Mongabay.co.id

Menguak Ketangguhan Terumbu Karang Dari Perubahan Iklim

Para ilmuwan iklim terkemuka di dunia yang tergabung dalam Panel Antarpemerintah tentang Perubahan Iklim (IPCC) dalam pertemuan ke-48 di Incheon, Korea Selatan, Senin (8/10/2018)  memperingatkan bahwa hanya ada 12 tahun tersisa atau sampai tahun 2030 untuk mencegah bencana iklim ekstrim yang terjadi karena pemanasan global dengan maksimum kenaikan suhu 1,5°C.

Laporan Khusus tentang Pemanasan Global 1.5° C (Global Warming of 1.5° C, an IPCC special report on the impacts of global warming of 1.5°C above pre-industrial levels)  dari IPCC tersebut memprediksi pada tahun 2100, antara lain terjadi kenaikan permukaan laut global akan lebih rendah 10 cm dengan pemanasan global 1,5° C dibandingkan dengan kenaikan suhu global 2° C. Dan terumbu karang akan menurun 70-90 persen dengan pemanasan global 1,5° C, dibandingkan bakal hilang dengan kenaikan suhu global 2° C.

baca : IPCC : Hanya Tersisa 12 Tahun untuk Mencegah Bencana Ekstrim Akibat Perubahan Iklim

***

Terumbu karang dapat ditemukan di seluruh lautan tropis dan sub-tropis dunia sehingga penting secara ekologis maupun ekonomis. Meski cakupannya kurang dari 0,1 persen wilayah dasar laut, terumbu karang menjadi tuan rumah bagi lebih dari seperempat jenis spesies ikan laut global (selain hewan laut lainnya). Oleh karenanya, terumbu karang merupakan ekosistem keanekaragaman hayati yang paling inheren di laut, sebanding dengan hutan hujan di darat.
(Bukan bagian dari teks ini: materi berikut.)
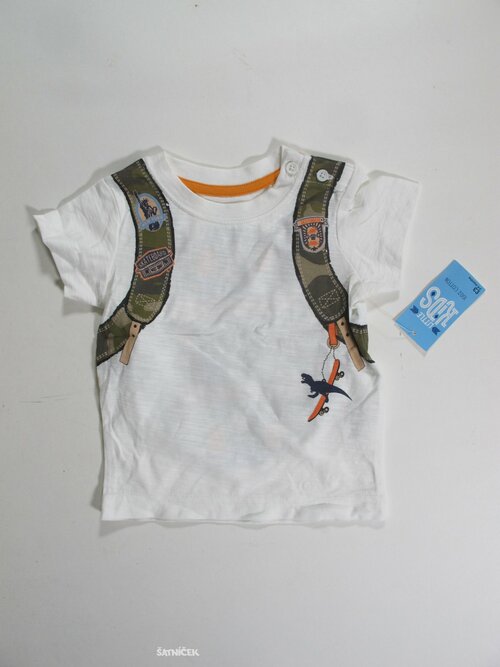 Triko pro kluky bílo outlet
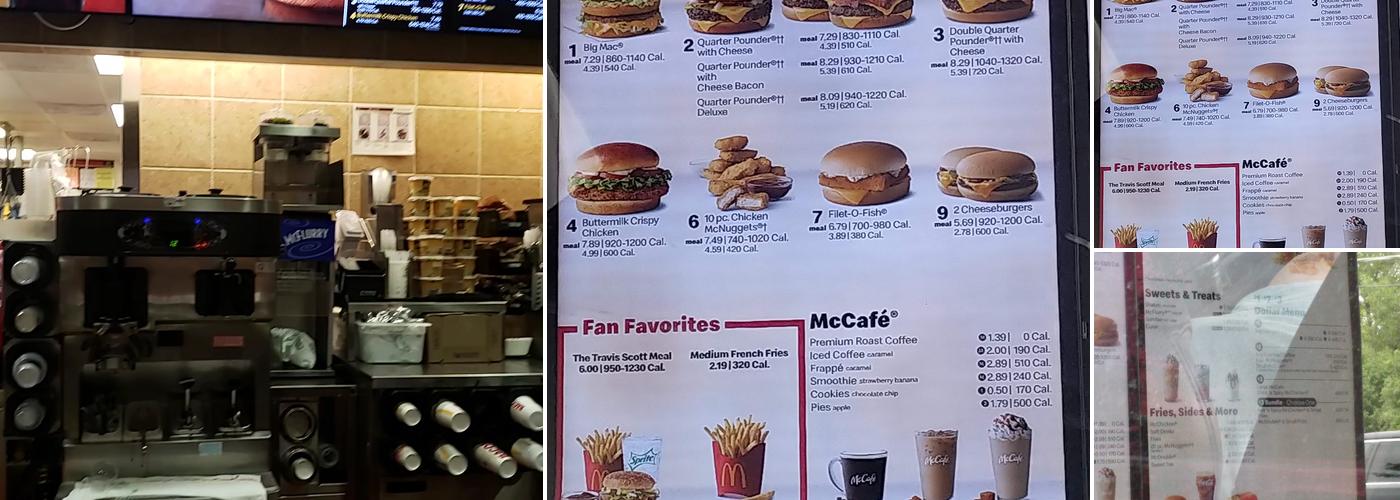 McDonald's Menu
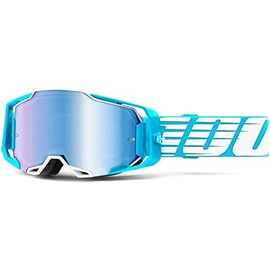 100% Armega Adult Off-Road Motorcycle Goggles - Sky/Blue Mirror Lens/One Size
‘Hutan’ laut tropis ini menyediakan layanan sosial, ekonomi, dan budaya dengan perkiraan nilai lebih dari 1 triliun dollar AS secara global. Struktur tiga dimensi karang yang kompleks tidak hanya menyediakan habitat tetapi juga meredam energi gelombang untuk melindungi garis pantai dari erosi dan kerusakan. Fungsi perlindungan pantai dan pemanfaatan terumbu karang oleh manusia (termasuk pariwisata) memberikan manfaat ekonomi kepada lebih dari setengah miliar orang di seluruh dunia.
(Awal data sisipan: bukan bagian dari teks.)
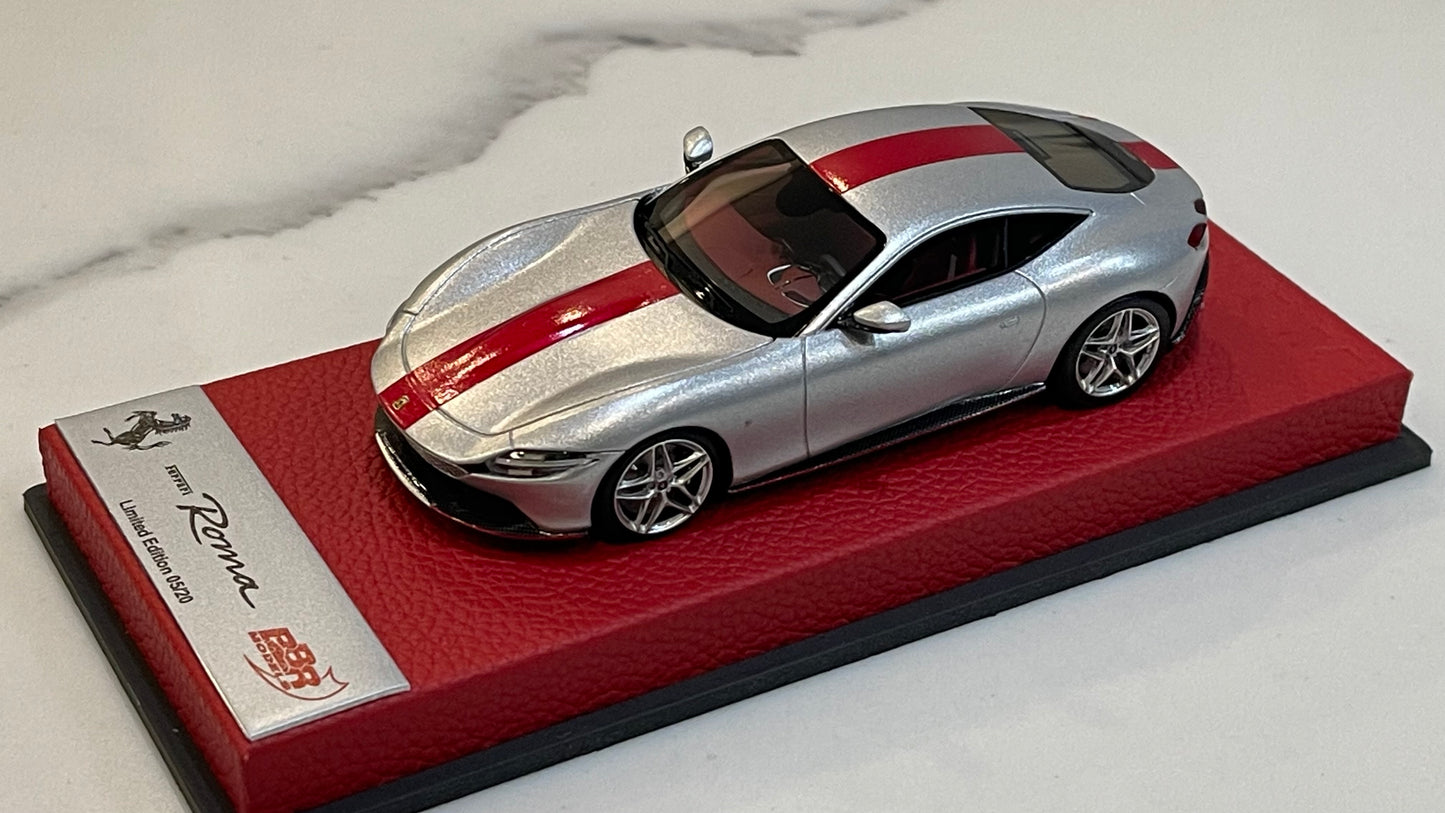 BBR 1/43 Ferrari Roma 2020 China 30th Anni Matt Silver BBRC236CHIPRE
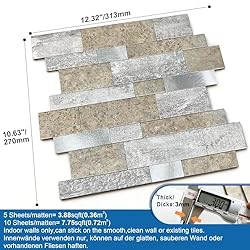 MOFIT Backsplash Tile for Kitchen Peel and Stick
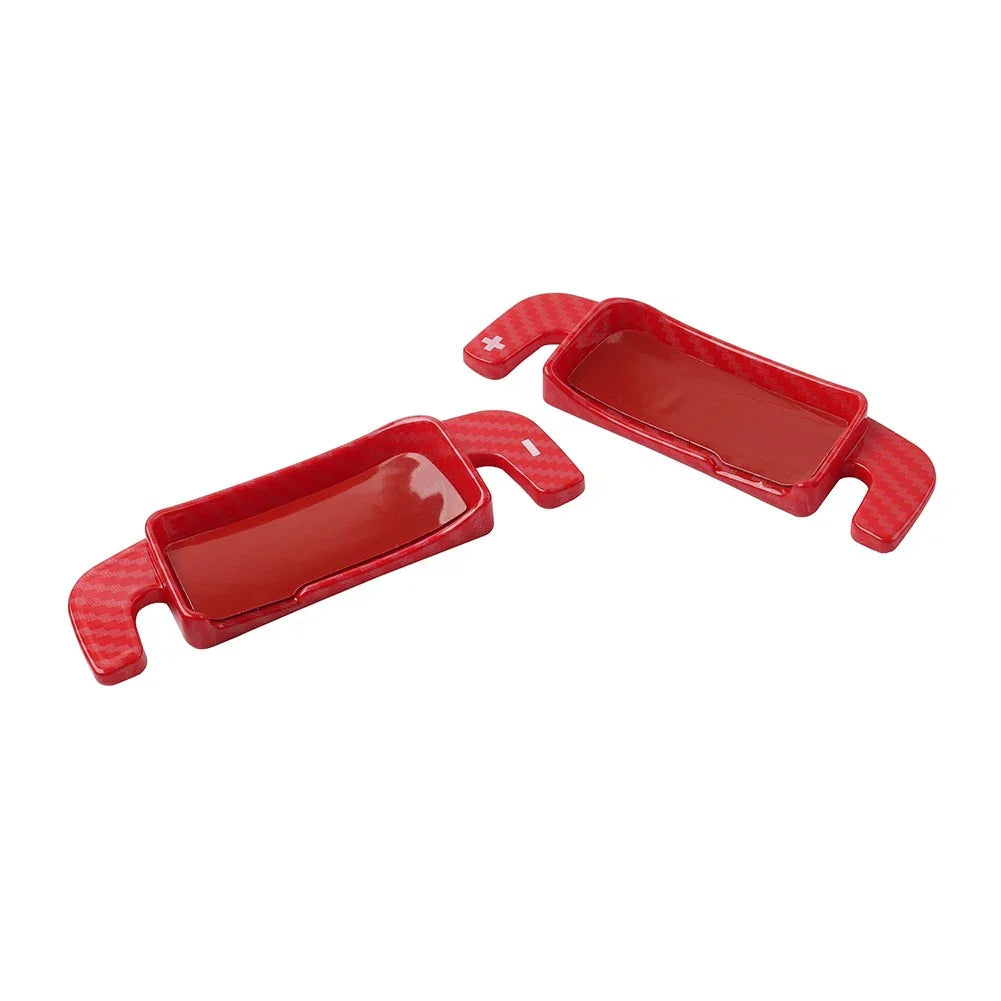 Steering Wheel Paddle Shifter Extensions for Benz A B C E S CLA GLB Class Red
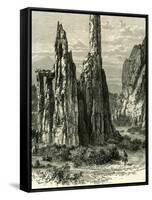 The Cathedral Spires in the Garden of the Gods, USA, 1891-null-Framed Stretched Canvas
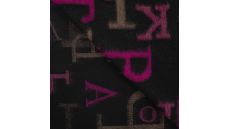 Colored Letters Keith - Cyclam Black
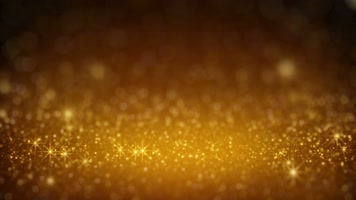 可循环梦幻金色粒子颁奖典礼晚会舞台背景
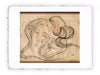 Stampa di Katsushika Hokusai - Testa della donna serpente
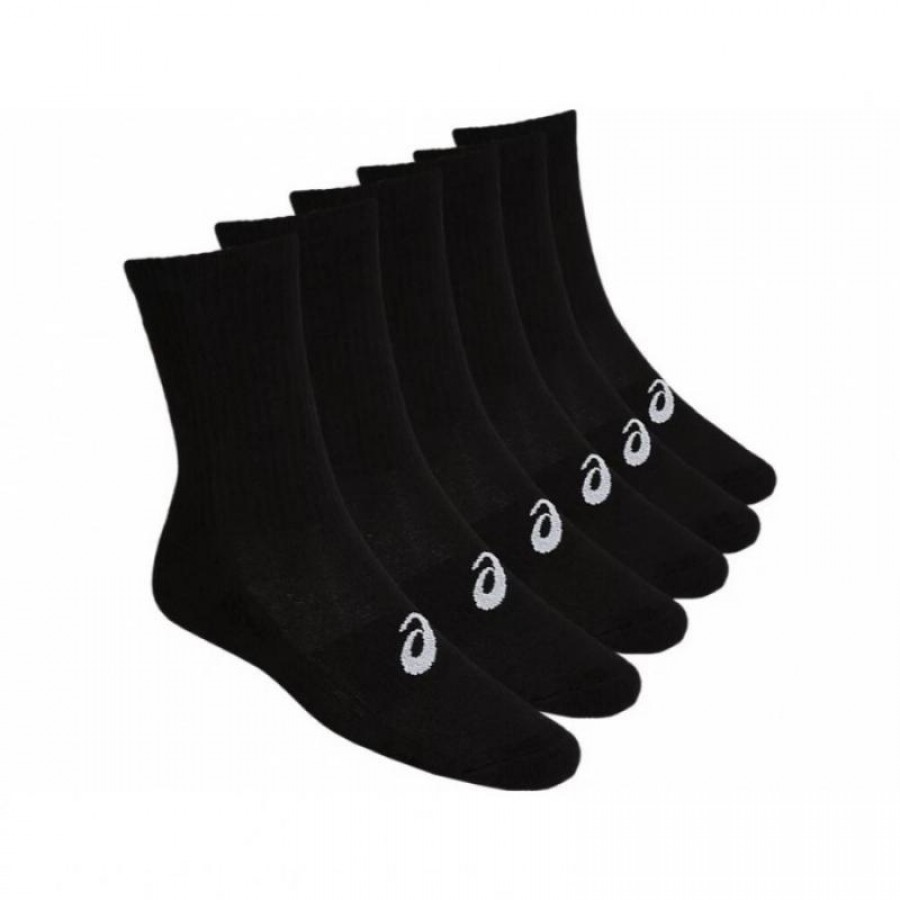 Calcetines Asics MultiSport Negro 6 Pares  Oferta + Barato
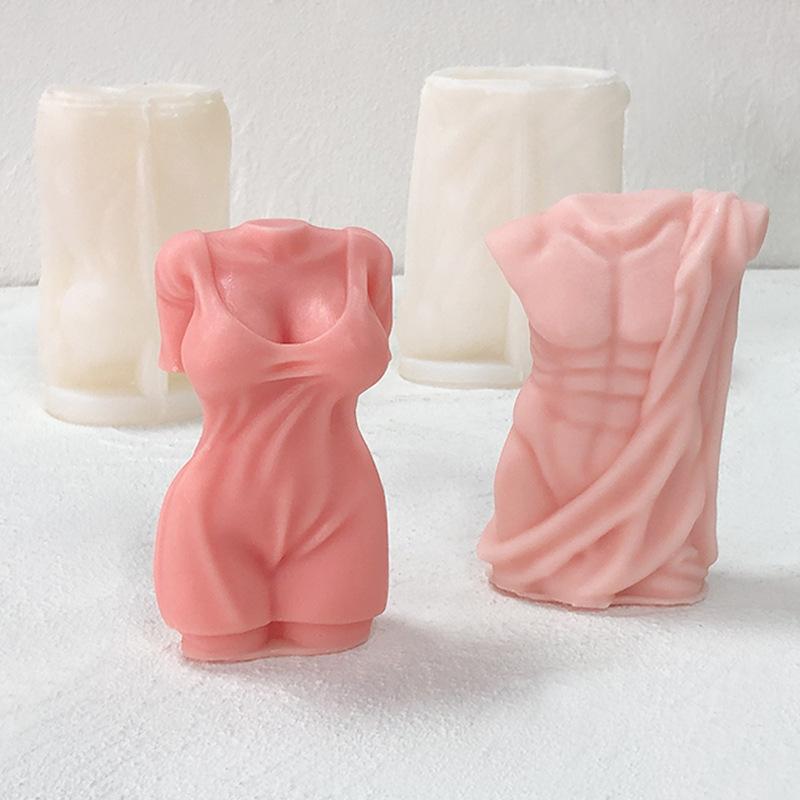 モールド メンズ レディース 人体フィギュア型 シリコン製 アロマキャンドル フレグランスキャンドル ..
Terlepas nilainya, sebagian besar terumbu karang berada di bawah tekanan besar berbagai aktivitas manusia termasuk limpasan pertanian, pembangunan perkotaan, dan penangkapan ikan secara berlebihan. Peningkatan suhu lautpun memicu kematian karang di seluruh dunia dalam beberapa tahun terakhir. Meningkatnya karbon dioksida atmosfer akibat aktivitas manusia menyebabkan pemanasan dan pengasaman laut. Inilah ancaman terbesar terhadap terumbu karang.
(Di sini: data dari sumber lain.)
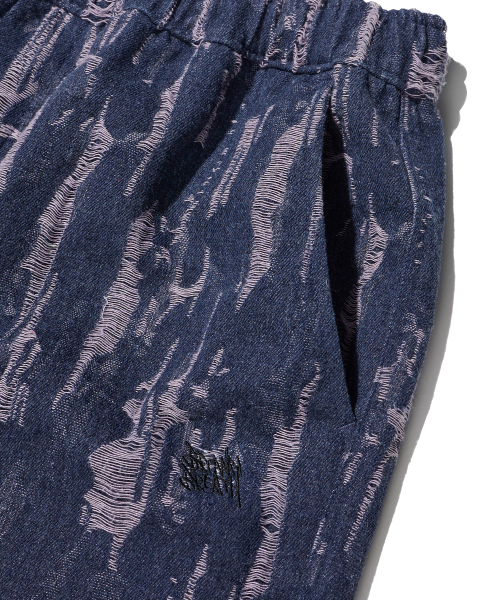 TAG DAMAGE BANDING PANTS - PURPLE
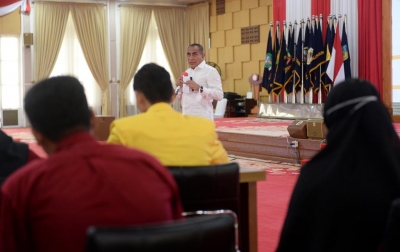 Edy Rahmayadi Buka Ruang Komunikasi Selebar-lebarnya untuk Mahasiswa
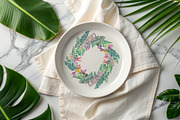 Banana blossom plants Watercolor set, an Illustration by Shabbypie (Thumbnail 9 of 13)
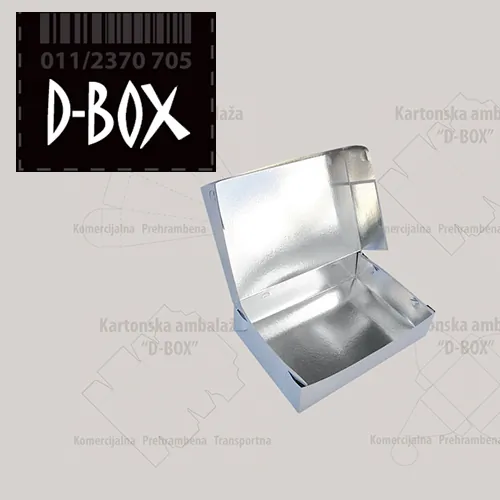 Kutija za rostilj 1kg D BOX AMBALAŽA - D BOX Ambalaža - 2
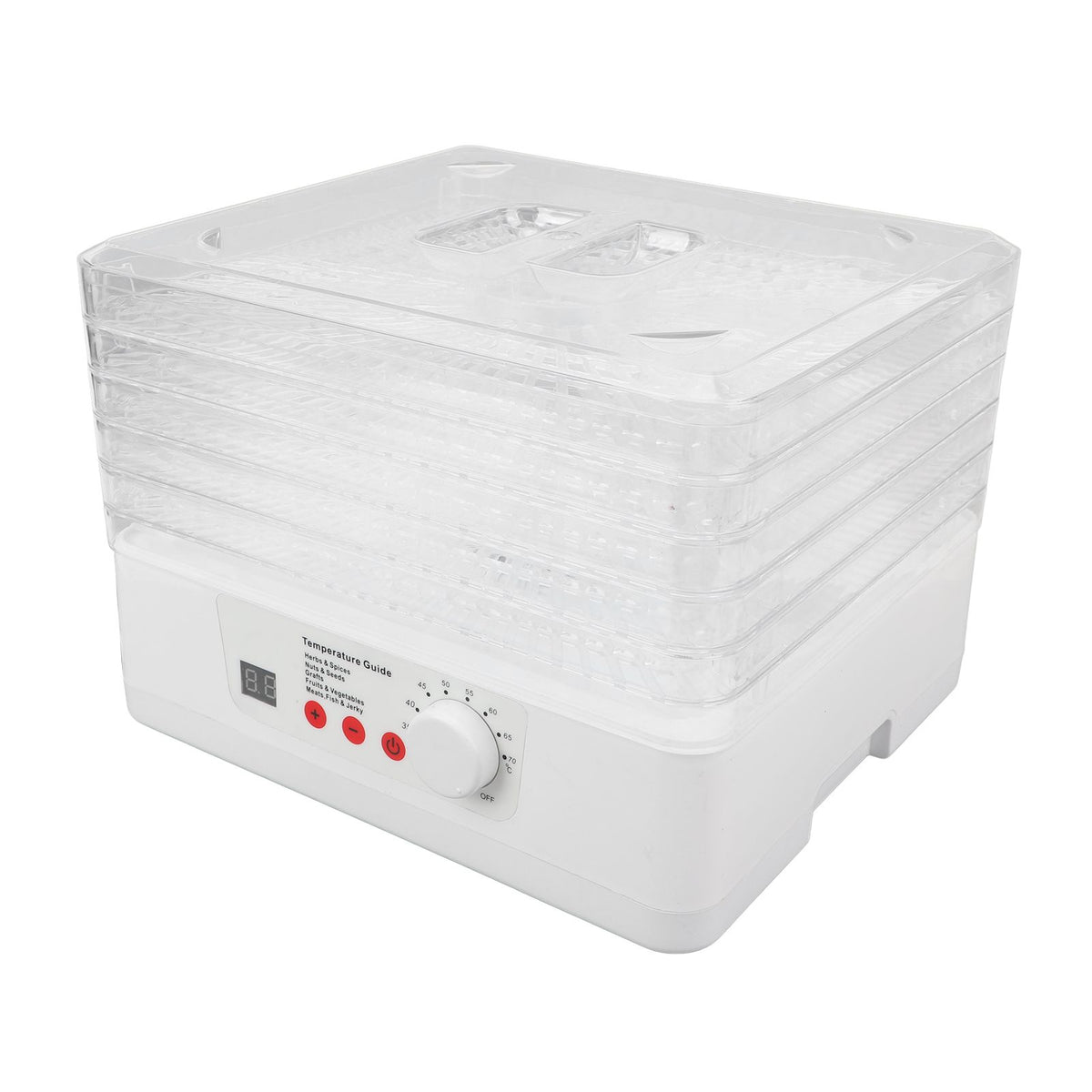 Food Dehydrator Machine Adjustable Temperature 5 Trays Electric Food Dehydrator for Fruit Vegetable Jerky Herbs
baca :  Sembilan Tahun Peringati Hari Terumbu Karang Dunia, Bagaimana Kondisi di Indonesia?

 

Terumbu karang di perairan Sangalaki, Kabupaten Berau, Kalimantan Timur. kelestarian terumbu karang dunia, akan menyelamatkan 200 juta penduduk. Foto: The Nature Conservancy/Mongabay Indonesia

 

Pemutihan Massal

Karang adalah hewan yang bermitra dengan alga dinoflagellata mikroskopis (disebut zooxanthellae) yang hidup dalam jaringan karang. Fotosintesis alga menghasilkan 90% energi yang dibutuhkan para penghuni karang untuk membangun kerangka batu kapur yang membentuk struktur tiga dimensi. Kerangka ini menjadi habitat bagi lebih dari satu juta spesies laut. Namun, kemitraan yang harusnya menguntungkan ini dapat menjadi racun dalam kondisi lingkungan yang penuh tekanan, seperti perubahan suhu, tingkat cahaya, salinitas dan kualitas air.

Pemutihan karang adalah reaksi di mana hewan karang mengusir zooxanthellae, menyisakan kerangka karang putih yang terlihat melalui jaringan karang transparan. Karang yang memutih masih hidup tapi dapat memicu kerusakan berikutnya, seperti terhambatnya pertumbuhan dan reproduksi.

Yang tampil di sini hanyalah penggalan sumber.